Joe Shipman joeshipman at aol.com
Sat Mar 4 12:41:59 EST 2017


This was the point of my original query. There is a very easy isomorphism between the theory of HF and the theory of Peano arithmetic where exponentiation is a built in function whose totality is assumed. If you only have addition and multiplication in your language there is much more technical work to do which only obscures the metamathematical issues.  The representability of exponentiation in terms of addition and multiplication ought to be treated as a separate (and interesting and important) result but not as an essential component of "Godel's Incompleteness Theorems": even though historically Godel also proved this result it should be seen as a different piece of math.
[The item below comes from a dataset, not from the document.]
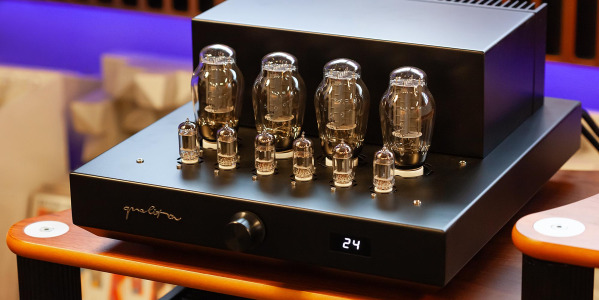 Qualiton 300B skiner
For an interesting alternative development, I recommend very strongly Manin's GTM text, which does all the major results up through Matijasevich's in a very different order with very different dependencies.

-- JS

Sent from my iPhone

> On Mar 4, 2017, at 8:51 AM, Lawrence Paulson <lp15 at cam.ac.uk> wrote:
> 
> This may be a good time for another plug for "Finite sets and Gödel's incompleteness theorems" by S. Świerczkowski. He he fixes on the hereditarily finite sets (rather than natural numbers) as the foundation and presents a clear and reasonably formal development, with rather few gaps. His preference for basing the formalisation on Sigma-formulas eliminates the need for the upper bounds that started this thread. The penalty for this convenience is that certain parts of the argument will have to be formalised explicitly in the embedded calculus, but most readers will be prepared to take that for granted. He also simplifies the condition of omega-consistency to just consistency (an aspect of the argument that I never really grasped).
> 
> As with Gödel's work on constructible sets, subsequent presentations are often very clear, and going to Gödel’s original publications only make sense on historical grounds and to read his often insightful comments on his aims for the work.
> 
> https://eudml.org/doc/285944
> 
> Larry Paulson
> 
> 
>> On 3 Mar 2017, at 17:40, Richard Heck <richard_heck at brown.edu> wrote:
>> 
>>> On 03/02/2017 06:34 PM, Martin Davis wrote:
>>> Godel proved his theorems not for PA, but for a system with a countable  infinity of types and atomic formulas of the form a(b)  where a is one type higher than b. Peano postulates were assumed for the bottom type. And he did prove, as a separate result, that all primitive recursive relations are arithmetic.
>> 
>> Just to be completely precise: In the system Gödel calls P, the axioms he assumes at type 1 are just the successor axioms and induction (as a single axiom). I.e., he does not include axioms for addition and multiplication. Indeed, + and × are not primitives but are treated as defined, presumably via the Dedekind-Frege method. (The same goes for equality.) What this means is that the proof Gödel actually gives does make real use of the type structure.